* What is required *
Search the records for "Summer". Report every line where it occurs.

(Short descriptive text snippets)
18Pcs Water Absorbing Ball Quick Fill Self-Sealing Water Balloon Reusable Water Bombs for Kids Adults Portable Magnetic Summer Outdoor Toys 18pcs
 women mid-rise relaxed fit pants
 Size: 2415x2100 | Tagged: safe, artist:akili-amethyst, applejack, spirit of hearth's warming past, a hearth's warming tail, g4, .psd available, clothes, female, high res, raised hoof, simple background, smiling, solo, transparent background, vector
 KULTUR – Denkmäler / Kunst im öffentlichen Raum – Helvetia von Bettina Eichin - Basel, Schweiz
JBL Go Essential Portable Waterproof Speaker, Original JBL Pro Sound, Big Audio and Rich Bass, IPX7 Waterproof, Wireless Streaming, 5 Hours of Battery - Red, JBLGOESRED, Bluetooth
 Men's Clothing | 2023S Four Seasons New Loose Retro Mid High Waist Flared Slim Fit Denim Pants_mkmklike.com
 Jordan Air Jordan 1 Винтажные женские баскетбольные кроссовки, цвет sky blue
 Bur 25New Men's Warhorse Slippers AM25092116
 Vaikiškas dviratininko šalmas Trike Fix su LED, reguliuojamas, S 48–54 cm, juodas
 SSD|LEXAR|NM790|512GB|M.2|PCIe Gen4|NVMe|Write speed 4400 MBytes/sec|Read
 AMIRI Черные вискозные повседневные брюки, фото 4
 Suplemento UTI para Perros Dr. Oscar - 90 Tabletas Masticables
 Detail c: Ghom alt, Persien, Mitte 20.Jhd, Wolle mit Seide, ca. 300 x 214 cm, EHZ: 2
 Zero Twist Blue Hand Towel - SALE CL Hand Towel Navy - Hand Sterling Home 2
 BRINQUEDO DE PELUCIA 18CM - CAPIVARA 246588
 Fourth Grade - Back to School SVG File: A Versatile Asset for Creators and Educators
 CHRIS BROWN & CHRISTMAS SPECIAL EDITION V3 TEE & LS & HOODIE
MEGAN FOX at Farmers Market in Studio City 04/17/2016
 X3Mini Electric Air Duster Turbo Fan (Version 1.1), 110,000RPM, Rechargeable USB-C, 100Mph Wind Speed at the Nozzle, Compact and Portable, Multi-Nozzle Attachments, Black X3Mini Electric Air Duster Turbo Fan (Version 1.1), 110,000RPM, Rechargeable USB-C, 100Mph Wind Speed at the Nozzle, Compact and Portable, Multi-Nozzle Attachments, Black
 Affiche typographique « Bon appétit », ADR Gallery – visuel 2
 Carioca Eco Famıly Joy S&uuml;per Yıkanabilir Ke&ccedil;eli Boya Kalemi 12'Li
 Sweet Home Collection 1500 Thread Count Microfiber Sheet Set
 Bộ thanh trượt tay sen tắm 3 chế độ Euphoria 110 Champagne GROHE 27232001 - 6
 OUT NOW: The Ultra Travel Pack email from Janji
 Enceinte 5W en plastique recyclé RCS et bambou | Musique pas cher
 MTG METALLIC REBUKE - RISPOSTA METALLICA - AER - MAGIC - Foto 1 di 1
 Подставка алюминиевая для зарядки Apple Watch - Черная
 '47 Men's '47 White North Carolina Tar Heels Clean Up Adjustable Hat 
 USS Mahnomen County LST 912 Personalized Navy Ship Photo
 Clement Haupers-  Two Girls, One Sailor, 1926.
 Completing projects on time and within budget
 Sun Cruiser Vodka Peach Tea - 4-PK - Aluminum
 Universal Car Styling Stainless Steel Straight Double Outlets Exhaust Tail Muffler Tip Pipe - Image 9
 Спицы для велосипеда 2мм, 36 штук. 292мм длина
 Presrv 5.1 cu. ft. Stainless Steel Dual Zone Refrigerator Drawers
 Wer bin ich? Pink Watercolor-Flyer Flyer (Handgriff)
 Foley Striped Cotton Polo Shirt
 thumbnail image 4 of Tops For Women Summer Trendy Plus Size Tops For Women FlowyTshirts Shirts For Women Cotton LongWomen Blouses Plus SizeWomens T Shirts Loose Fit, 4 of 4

* Output of the task *
18Pcs Water Absorbing Ball Quick Fill Self-Sealing Water Balloon Reusable Water Bombs for Kids Adults Portable Magnetic Summer Outdoor Toys 18pcs
 thumbnail image 4 of Tops For Women Summer Trendy Plus Size Tops For Women FlowyTshirts Shirts For Women Cotton LongWomen Blouses Plus SizeWomens T Shirts Loose Fit, 4 of 4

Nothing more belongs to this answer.